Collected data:
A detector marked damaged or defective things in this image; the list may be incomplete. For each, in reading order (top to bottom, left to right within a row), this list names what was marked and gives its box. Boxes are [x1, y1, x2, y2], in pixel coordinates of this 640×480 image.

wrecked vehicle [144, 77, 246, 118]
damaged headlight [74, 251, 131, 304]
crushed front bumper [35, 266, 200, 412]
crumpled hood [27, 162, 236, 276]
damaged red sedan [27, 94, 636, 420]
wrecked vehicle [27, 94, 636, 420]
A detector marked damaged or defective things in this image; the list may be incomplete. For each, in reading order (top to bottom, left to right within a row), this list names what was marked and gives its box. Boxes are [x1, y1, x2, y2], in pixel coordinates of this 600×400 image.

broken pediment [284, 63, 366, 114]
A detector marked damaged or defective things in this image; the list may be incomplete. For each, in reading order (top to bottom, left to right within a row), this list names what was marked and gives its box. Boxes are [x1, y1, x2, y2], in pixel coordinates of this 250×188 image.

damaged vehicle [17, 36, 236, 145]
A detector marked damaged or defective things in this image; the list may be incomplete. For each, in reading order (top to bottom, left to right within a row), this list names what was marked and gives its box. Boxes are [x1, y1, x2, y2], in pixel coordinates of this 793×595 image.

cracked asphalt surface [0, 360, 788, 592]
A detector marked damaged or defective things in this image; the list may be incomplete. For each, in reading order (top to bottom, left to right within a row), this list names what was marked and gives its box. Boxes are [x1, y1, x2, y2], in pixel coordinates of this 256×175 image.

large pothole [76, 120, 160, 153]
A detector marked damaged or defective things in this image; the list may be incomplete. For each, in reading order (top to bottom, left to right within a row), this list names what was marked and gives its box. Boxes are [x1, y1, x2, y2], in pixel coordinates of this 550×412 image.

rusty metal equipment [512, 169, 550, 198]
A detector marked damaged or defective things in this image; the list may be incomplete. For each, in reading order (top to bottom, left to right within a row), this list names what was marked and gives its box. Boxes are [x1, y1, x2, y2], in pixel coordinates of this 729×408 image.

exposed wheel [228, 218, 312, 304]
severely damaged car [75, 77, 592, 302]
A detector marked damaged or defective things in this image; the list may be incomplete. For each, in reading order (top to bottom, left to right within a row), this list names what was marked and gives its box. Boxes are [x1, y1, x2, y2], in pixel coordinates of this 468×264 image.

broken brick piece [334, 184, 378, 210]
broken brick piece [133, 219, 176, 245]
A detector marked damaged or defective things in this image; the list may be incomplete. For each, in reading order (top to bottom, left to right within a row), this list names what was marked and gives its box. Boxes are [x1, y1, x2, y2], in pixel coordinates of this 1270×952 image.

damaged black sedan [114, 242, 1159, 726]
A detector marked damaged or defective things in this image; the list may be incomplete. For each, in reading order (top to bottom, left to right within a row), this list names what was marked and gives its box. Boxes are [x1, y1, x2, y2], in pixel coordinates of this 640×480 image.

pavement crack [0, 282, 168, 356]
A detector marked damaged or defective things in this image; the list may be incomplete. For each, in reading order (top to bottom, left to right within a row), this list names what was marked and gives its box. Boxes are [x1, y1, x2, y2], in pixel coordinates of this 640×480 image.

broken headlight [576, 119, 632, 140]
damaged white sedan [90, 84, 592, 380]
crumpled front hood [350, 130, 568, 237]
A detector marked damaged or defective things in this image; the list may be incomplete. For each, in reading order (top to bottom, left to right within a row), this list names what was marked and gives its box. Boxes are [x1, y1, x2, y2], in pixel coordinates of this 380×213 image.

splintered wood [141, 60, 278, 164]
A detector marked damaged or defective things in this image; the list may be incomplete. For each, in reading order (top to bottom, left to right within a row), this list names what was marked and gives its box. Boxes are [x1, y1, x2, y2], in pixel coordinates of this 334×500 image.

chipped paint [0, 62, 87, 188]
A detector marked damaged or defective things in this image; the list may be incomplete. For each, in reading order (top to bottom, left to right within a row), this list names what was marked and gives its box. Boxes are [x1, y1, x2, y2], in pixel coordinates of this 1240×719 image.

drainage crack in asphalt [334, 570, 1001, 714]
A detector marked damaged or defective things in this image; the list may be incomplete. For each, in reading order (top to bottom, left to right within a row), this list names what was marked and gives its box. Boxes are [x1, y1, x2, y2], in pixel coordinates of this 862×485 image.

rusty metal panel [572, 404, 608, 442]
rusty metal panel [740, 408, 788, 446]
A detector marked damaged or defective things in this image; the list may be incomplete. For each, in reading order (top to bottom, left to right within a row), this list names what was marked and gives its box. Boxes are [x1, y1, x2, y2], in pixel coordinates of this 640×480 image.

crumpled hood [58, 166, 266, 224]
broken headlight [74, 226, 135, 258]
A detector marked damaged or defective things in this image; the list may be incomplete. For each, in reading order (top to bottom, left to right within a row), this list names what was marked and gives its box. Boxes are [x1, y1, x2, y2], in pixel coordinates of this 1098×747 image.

> [TASK REQUIREMENTS] Please reproduce each entry above exactly as it reads.

> [ANSWER TO THIS PROBLEM]
A detector marked damaged or defective things in this image; the list may be incomplete. For each, in reading order (top to bottom, left to right within a row), this list names what was marked and gives its box. Boxes are [x1, y1, x2, y2], in pixel coordinates of this 640×480 image.

wrecked vehicle [144, 77, 246, 118]
damaged headlight [74, 251, 131, 304]
crushed front bumper [35, 266, 200, 412]
crumpled hood [27, 162, 236, 276]
damaged red sedan [27, 94, 636, 420]
wrecked vehicle [27, 94, 636, 420]
A detector marked damaged or defective things in this image; the list may be incomplete. For each, in reading order (top to bottom, left to right within a row), this list names what was marked and gives its box. Boxes are [x1, y1, x2, y2], in pixel coordinates of this 600×400 image.

broken pediment [284, 63, 366, 114]
A detector marked damaged or defective things in this image; the list may be incomplete. For each, in reading order (top to bottom, left to right within a row), this list names what was marked and gives its box. Boxes are [x1, y1, x2, y2], in pixel coordinates of this 250×188 image.

damaged vehicle [17, 36, 236, 145]
A detector marked damaged or defective things in this image; the list may be incomplete. For each, in reading order (top to bottom, left to right within a row), this list names what was marked and gives its box. Boxes are [x1, y1, x2, y2], in pixel coordinates of this 793×595 image.

cracked asphalt surface [0, 360, 788, 592]
A detector marked damaged or defective things in this image; the list may be incomplete. For each, in reading order (top to bottom, left to right within a row), this list names what was marked and gives its box. Boxes are [x1, y1, x2, y2], in pixel coordinates of this 256×175 image.

large pothole [76, 120, 160, 153]
A detector marked damaged or defective things in this image; the list may be incomplete. For each, in reading order (top to bottom, left to right within a row), this list names what was marked and gives its box. Boxes are [x1, y1, x2, y2], in pixel coordinates of this 550×412 image.

rusty metal equipment [512, 169, 550, 198]
A detector marked damaged or defective things in this image; the list may be incomplete. For each, in reading order (top to bottom, left to right within a row), this list names what was marked and gives its box. Boxes are [x1, y1, x2, y2], in pixel coordinates of this 729×408 image.

exposed wheel [228, 218, 312, 304]
severely damaged car [75, 77, 592, 302]
A detector marked damaged or defective things in this image; the list may be incomplete. For each, in reading order (top to bottom, left to right within a row), this list names what was marked and gives its box. Boxes are [x1, y1, x2, y2], in pixel coordinates of this 468×264 image.

broken brick piece [334, 184, 378, 210]
broken brick piece [133, 219, 176, 245]
A detector marked damaged or defective things in this image; the list may be incomplete. For each, in reading order (top to bottom, left to right within a row), this list names what was marked and gives its box. Boxes are [x1, y1, x2, y2], in pixel coordinates of this 1270×952 image.

damaged black sedan [114, 242, 1159, 726]
A detector marked damaged or defective things in this image; the list may be incomplete. For each, in reading order (top to bottom, left to right within a row), this list names what was marked and gives its box. Boxes are [x1, y1, x2, y2], in pixel coordinates of this 640×480 image.

pavement crack [0, 282, 168, 356]
A detector marked damaged or defective things in this image; the list may be incomplete. For each, in reading order (top to bottom, left to right within a row), this list names what was marked and gives its box. Boxes are [x1, y1, x2, y2], in pixel coordinates of this 640×480 image.

broken headlight [576, 119, 632, 140]
damaged white sedan [90, 84, 592, 380]
crumpled front hood [350, 130, 568, 237]
A detector marked damaged or defective things in this image; the list may be incomplete. For each, in reading order (top to bottom, left to right within a row), this list names what was marked and gives its box. Boxes are [x1, y1, x2, y2], in pixel coordinates of this 380×213 image.

splintered wood [141, 60, 278, 164]
A detector marked damaged or defective things in this image; the list may be incomplete. For each, in reading order (top to bottom, left to right within a row), this list names what was marked and gives its box. Boxes are [x1, y1, x2, y2], in pixel coordinates of this 334×500 image.

chipped paint [0, 62, 87, 188]
A detector marked damaged or defective things in this image; the list may be incomplete. For each, in reading order (top to bottom, left to right within a row), this list names what was marked and gives its box. Boxes are [x1, y1, x2, y2], in pixel coordinates of this 1240×719 image.

drainage crack in asphalt [334, 570, 1001, 714]
A detector marked damaged or defective things in this image; the list may be incomplete. For each, in reading order (top to bottom, left to right within a row), this list names what was marked and gives its box. Boxes are [x1, y1, x2, y2], in pixel coordinates of this 862×485 image.

rusty metal panel [572, 404, 608, 442]
rusty metal panel [740, 408, 788, 446]
A detector marked damaged or defective things in this image; the list may be incomplete. For each, in reading order (top to bottom, left to right within a row), this list names what was marked and gives its box. Boxes are [x1, y1, x2, y2], in pixel coordinates of this 640×480 image.

crumpled hood [58, 166, 266, 224]
broken headlight [74, 226, 135, 258]
A detector marked damaged or defective things in this image; the list may be incomplete. For each, in reading order (top to bottom, left to right within a row), this list names what was marked and gives its box. Boxes are [x1, y1, x2, y2], in pixel coordinates of this 1098×747 image.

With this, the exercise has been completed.